用 C 中的文件实现的 B 树(不是 B+/B*)中的问题
我是新来的,首先,如果我犯了错误,我想道歉。我的问题是:我想用 C 实现 B 树,使用文件来存储树...我的程序从文本文件中读取 10000 个字符串,每个字符串包含 10 个字符,并将该内容存储在 .DAT 二进制文件中,通过B树组织;然后用户可以搜索字符串。
我正在使用“Cormen等人 - 算法简介(3ed)”的算法,它似乎是正确的、清晰的和实用的。但是,我的程序只是出现运行时错误...例如分段错误和无限循环。我已经尝试调试了5天,但没有成功! B 树函数是递归的,我个人讨厌它......我认为正是递归使调试如此困难!
我的代码比较大,分为2个文件,一个源文件,一个标头。我将在这里发布 B 树的函数和变量声明。但是,如果有人想查看完整的代码,我会发布一个“iFile.it”链接(是否允许?如果不允许,抱歉!)...
非常感谢您的关注和帮助...对于这个大问题感到抱歉!
源链接[不是那么重要,只是main()]:http://ifile.it/n73drmc/ b-tree_file.c
标题链接[所有函数都在这里]:http://ifile.it/u1fa3kp/b-tree_file.h
带有字符串的文本文件:http://ifile.it/7hu95ot/arq_5.txt
关于代码的注释:
i) free() 的行为非常奇怪......所以我对它们进行了评论,因为如果我使用它们,我的程序错误更多!

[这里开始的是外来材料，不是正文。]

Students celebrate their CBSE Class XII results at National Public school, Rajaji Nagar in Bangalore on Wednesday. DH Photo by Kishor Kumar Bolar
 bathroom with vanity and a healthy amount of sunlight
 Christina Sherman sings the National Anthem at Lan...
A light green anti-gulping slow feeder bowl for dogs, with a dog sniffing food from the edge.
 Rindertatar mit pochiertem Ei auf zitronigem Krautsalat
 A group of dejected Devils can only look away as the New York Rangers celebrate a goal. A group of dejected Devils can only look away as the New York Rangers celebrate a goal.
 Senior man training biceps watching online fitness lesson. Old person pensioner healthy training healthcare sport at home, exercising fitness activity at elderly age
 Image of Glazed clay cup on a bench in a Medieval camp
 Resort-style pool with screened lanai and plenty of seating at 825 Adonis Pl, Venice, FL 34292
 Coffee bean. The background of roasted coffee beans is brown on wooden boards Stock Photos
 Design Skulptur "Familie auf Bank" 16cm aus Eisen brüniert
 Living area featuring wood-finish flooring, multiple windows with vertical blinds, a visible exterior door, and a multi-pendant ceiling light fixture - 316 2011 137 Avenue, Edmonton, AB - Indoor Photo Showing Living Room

ii)所有代码注释都是我尝试解决问题的想法,并且必须被认为是我已经尝试过。
iii) 我的母语是葡萄牙语,因此对于以英语为母语的人来说,函数和变量可能有奇怪的名称......对此深表歉意!
守则:
#include <stdio.h>
#include <stdlib.h>
#include <string.h>
#include <ctype.h>
//defs of pre-compiler
#ifdef __linux
#define PAUSA "read p"
#define CLRSCR "clear"
#else
#define PAUSA "Pause"
#define CLRSCR "cls"
#endif
#define T 5 // minimum degree of B-tree
#define Min (T-1)
#define Max ((2*T)-1)
//
//global vars
FILE *arqt, *arqb;
char VAL[11];
long int lt = 0;
typedef struct {
unsigned int num;
long int pos;
char chave[(Max+1)][11]; //chave in portuguese = key in english!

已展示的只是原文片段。